Yo le agradecía su sinceridad,
pero le decía también que no sufriese por ello, que las personas somos así, que
rara vez hacemos algo movidos únicamente por motivos “puros”. Cuando hacemos
algo, lo conveniente es que las principales motivaciones que nos mueven sean
generosas o desinteresadas… pero no podemos evitar que, junto a ellas,
aparezcan también nuestros miedos, egoísmos e intereses personales.
Mi historia está cuajada de ese
tipo de “cebos” que el Señor nos coloca: por ejemplo, cuando empecé a
participar en las actividades de la Orden, siendo muy jovencillo, lo que ante
todo me animaba no era mi fe, ni la búsqueda de sentidos… yo iba solo porque me
lo pasaba bien y me gustaba estar con aquella gente.
Pero ¡Dios nos conoce bien!
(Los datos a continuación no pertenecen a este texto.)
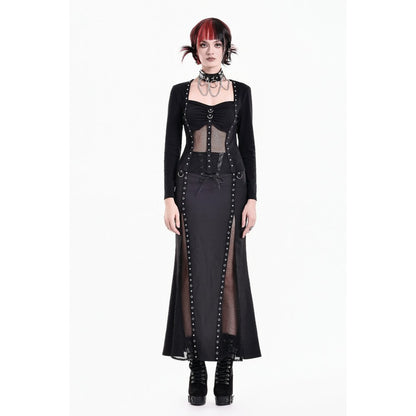 Schwarzes, langärmliges Oberteil Riveted Grid Top mit Nietendetails und Netzeinsätzen von Dark In Love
Y nos
ama de tal forma que es capaz de valerse hasta de esos estímulos secundarios para
conducirnos hacia nuestro lugar, el puesto que nos corresponde en la
existencia, la vocación de cada cual, ¡la felicidad!
Y por medio de esos “porqués” que
no parecen muy honorables, Dios, poco a poco, te va seduciendo; lenta y progresivamente va ganándose el primer puesto
en tu corazón, hasta que un buen día descubres que has picado del todo, que Él
ya lo es todo para ti.
Tampoco quiero decir que nos
abandonemos al egoísmo y la conveniencia, claro… sólo que no nos torturemos
demasiado cuando los pillemos in fraganti en nuestro interior. Pongámoslos en
manos de Dios; que son como el trigo y la cizaña, que deben crecer juntos,
hasta que el dueño del campo – cuando llegue el momento- vaya acabando con las malas hierbas, para
hacer que solo brille el trigo que Él
sembró en lo más profundo de tu ser.